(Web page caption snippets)

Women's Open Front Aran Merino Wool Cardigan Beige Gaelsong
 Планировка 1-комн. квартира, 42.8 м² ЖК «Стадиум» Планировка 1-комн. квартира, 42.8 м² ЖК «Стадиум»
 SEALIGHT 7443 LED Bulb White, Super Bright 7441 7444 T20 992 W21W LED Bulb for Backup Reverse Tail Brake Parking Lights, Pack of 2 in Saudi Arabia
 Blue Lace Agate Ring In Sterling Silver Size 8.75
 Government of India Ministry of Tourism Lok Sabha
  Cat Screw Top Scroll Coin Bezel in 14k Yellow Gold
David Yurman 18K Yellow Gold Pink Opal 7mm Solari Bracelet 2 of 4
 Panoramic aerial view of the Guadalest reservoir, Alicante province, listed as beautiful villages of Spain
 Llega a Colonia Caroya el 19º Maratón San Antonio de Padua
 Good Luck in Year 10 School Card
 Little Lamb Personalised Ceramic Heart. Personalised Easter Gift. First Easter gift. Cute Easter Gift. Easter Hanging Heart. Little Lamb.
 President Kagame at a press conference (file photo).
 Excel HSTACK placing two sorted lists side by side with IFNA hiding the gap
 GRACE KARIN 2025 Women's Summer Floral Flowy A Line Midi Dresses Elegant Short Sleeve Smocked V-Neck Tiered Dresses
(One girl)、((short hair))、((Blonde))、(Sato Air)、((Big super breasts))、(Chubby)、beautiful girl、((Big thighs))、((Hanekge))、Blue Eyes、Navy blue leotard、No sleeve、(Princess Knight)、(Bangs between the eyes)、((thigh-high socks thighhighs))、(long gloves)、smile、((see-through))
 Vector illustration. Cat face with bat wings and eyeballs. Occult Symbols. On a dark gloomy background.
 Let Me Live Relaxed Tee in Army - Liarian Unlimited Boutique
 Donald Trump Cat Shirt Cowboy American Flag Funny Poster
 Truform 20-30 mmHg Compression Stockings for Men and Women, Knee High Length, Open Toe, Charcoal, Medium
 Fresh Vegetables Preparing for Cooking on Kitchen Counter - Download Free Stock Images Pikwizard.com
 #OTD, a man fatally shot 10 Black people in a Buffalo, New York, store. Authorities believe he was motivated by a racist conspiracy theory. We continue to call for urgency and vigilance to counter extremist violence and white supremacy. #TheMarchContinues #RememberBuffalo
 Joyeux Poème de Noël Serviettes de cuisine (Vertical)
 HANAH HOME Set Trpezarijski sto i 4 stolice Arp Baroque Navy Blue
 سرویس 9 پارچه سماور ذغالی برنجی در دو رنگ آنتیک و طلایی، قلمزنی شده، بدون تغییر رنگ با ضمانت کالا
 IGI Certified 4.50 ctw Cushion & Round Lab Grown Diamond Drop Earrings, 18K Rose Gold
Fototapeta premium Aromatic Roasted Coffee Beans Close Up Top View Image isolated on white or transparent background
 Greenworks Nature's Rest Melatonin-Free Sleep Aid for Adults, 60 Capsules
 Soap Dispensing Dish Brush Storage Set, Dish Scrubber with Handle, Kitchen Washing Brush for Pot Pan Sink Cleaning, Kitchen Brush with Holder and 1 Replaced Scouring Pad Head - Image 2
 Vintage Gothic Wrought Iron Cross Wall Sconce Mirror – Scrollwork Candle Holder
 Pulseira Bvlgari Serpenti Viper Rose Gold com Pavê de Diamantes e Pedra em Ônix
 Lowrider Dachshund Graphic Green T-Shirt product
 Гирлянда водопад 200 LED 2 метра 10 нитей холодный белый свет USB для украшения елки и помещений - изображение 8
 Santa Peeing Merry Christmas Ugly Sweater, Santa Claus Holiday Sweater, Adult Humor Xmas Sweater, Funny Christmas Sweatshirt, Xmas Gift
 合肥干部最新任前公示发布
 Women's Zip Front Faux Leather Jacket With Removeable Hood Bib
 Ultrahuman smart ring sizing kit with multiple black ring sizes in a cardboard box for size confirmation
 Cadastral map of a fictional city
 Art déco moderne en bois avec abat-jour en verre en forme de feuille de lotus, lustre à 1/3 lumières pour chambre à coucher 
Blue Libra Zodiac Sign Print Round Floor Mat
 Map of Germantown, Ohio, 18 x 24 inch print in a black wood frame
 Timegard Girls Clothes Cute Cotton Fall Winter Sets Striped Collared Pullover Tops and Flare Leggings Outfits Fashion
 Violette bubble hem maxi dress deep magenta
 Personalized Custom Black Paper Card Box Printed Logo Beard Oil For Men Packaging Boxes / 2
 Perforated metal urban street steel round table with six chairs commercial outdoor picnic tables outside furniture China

__What the task asks__. Quote only the stretch of lines that starts the data above and ends with the line containing "Cat Screw Top", both included.

__The completed task__.
Women's Open Front Aran Merino Wool Cardigan Beige Gaelsong
 Планировка 1-комн. квартира, 42.8 м² ЖК «Стадиум» Планировка 1-комн. квартира, 42.8 м² ЖК «Стадиум»
 SEALIGHT 7443 LED Bulb White, Super Bright 7441 7444 T20 992 W21W LED Bulb for Backup Reverse Tail Brake Parking Lights, Pack of 2 in Saudi Arabia
 Blue Lace Agate Ring In Sterling Silver Size 8.75
 Government of India Ministry of Tourism Lok Sabha
  Cat Screw Top Scroll Coin Bezel in 14k Yellow Gold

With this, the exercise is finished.